En mars 2026, lors des dernières élections municipales la candidate du PS s’alliait avec Pierre Jakubowicz, membre du Parti Horizons d’Édouard Philippe et connu pour ses prises de positions anti-palestiniennes, face à la maire sortante Jeanne Barseghian, constituant un front anti-LFI assumé. Elle avait même reçu le soutien du RN par l’intermédiaire du raciste Julien Oudoul qui tweetait : «À titre personnel, si j’étais électeur à Strasbourg, sachant que le RN n’est pas qualifié pour le 2nd tour, je ferais barrage à la meute LFI, antisémite et ultra-violente, en votant pour Catherine Trautmann». Rien d’étonnant donc que le camp de la réaction à Strasbourg censure une artiste qui fait référence au drame palestinien dans une illustration.
L’invisibilisation ne fonctionne plus
En décembre 2025, une galerie d’art parisienne avait subi une intimidation et été dégradée lors de l’accueil d’une exposition autour de la Palestine.
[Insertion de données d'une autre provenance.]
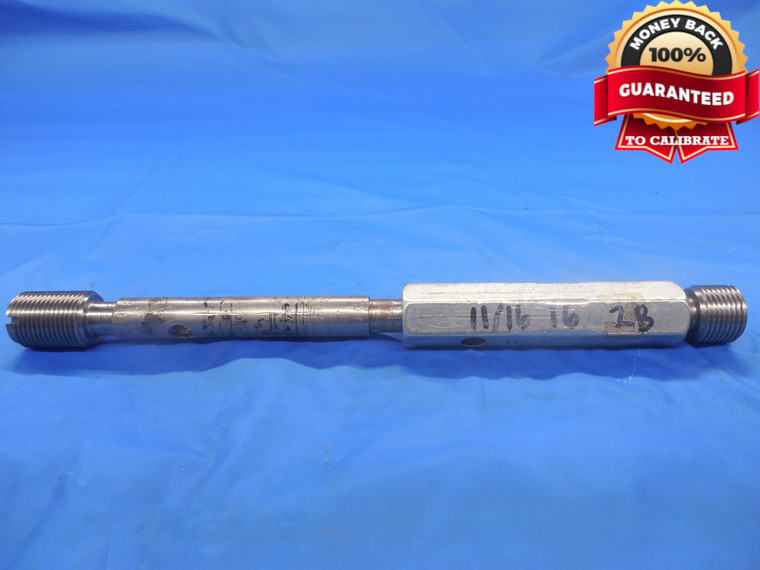 11/16 16 2B LEFT HAND THREAD PLUG GAGE .6875 GO NO GO P.D.'S = .6514 & .6530 LH - DW3714RD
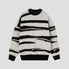 Zebra striped sweater with relaxed casual fit design.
Sur la devanture, des tags « Israël vaincra » et « Hamas viole » avaient été inscrits à la bombe de peinture. À Marseille, Nantes et ailleurs, des fresques de soutien à la Palestine et des drapeaux palestiniens peints sur des escaliers et des façades avaient été effacées en un temps record par les services de nettoyage des mairies. À Paris, des œuvres murales pour Gaza avaient été vandalisées par des milices pro-Israël.
Pendant que les génocidaires bénéficient de tous les relais politiques et médiatiques, la cancel culture frappe systématiquement les voix de la Palestine. La moindre expression artistique de soutien est attaquée, et la simple exposition d’images montrant la réalité à Gaza est considérée comme intolérable. La censure de ces images s’inscrit dans un contexte de criminalisation généralisée du mouvement palestinien en France, des interdictions de manifestations et de conférences en passant par les gardes à vue et procédures pour « apologie du terrorisme ». Mais cela ne fonctionne plus : à nous de visibiliser massivement toutes ces créations interdites.